▶ [WHAT NEEDS TO BE DONE]
In your copy, repeat the records exactly and leave out the pictures.

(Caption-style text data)
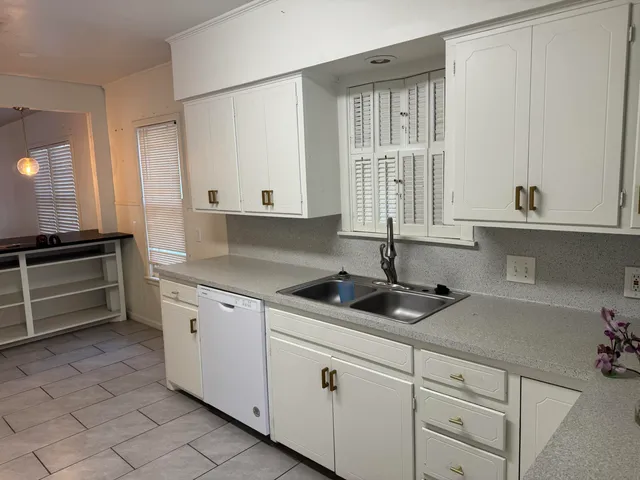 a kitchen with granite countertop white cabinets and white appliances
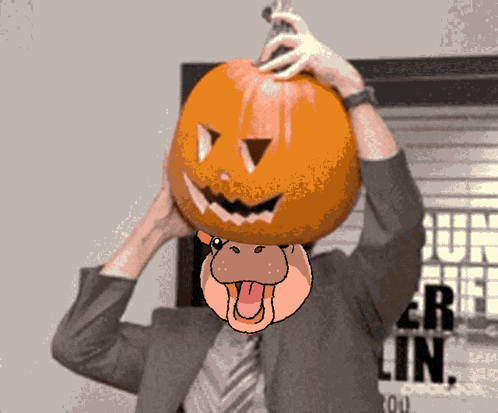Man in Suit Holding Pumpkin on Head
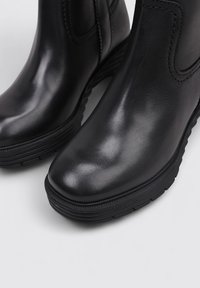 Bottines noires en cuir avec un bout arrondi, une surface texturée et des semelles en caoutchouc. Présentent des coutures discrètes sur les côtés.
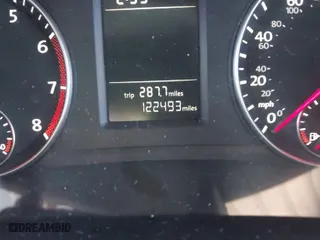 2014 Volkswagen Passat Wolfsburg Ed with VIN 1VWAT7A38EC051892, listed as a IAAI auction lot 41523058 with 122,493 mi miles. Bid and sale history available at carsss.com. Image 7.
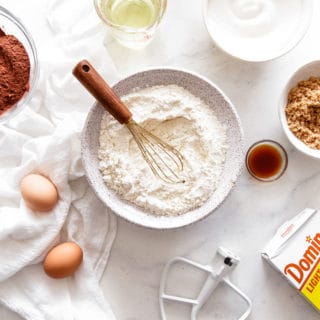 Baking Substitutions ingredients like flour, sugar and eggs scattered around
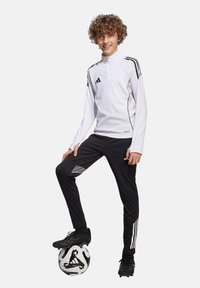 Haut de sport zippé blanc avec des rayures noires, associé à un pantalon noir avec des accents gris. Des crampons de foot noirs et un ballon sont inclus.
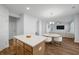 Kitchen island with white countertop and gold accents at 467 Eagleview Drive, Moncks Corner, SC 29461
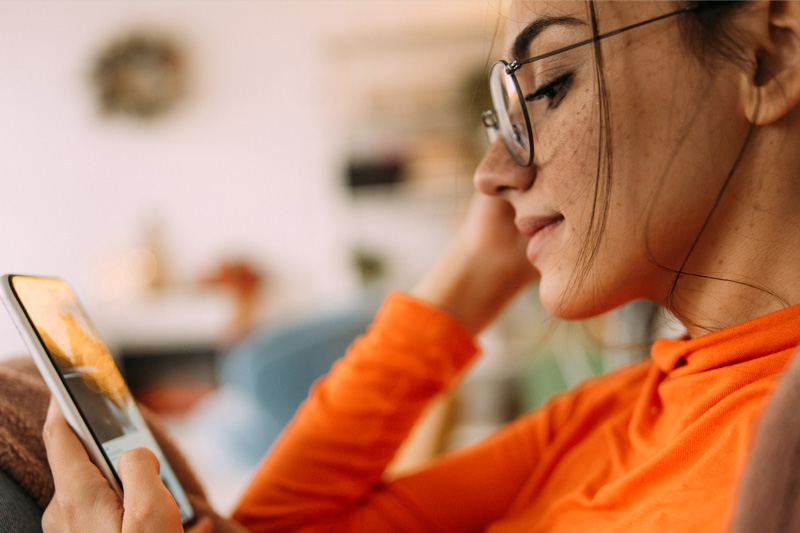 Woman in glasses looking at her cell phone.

▶ [RESPONSE AREA]
 a kitchen with granite countertop white cabinets and white appliances
Man in Suit Holding Pumpkin on Head
 Bottines noires en cuir avec un bout arrondi, une surface texturée et des semelles en caoutchouc. Présentent des coutures discrètes sur les côtés.
 2014 Volkswagen Passat Wolfsburg Ed with VIN 1VWAT7A38EC051892, listed as a IAAI auction lot 41523058 with 122,493 mi miles. Bid and sale history available at carsss.com. Image 7.
 Baking Substitutions ingredients like flour, sugar and eggs scattered around
 Haut de sport zippé blanc avec des rayures noires, associé à un pantalon noir avec des accents gris. Des crampons de foot noirs et un ballon sont inclus.
 Kitchen island with white countertop and gold accents at 467 Eagleview Drive, Moncks Corner, SC 29461
 Woman in glasses looking at her cell phone.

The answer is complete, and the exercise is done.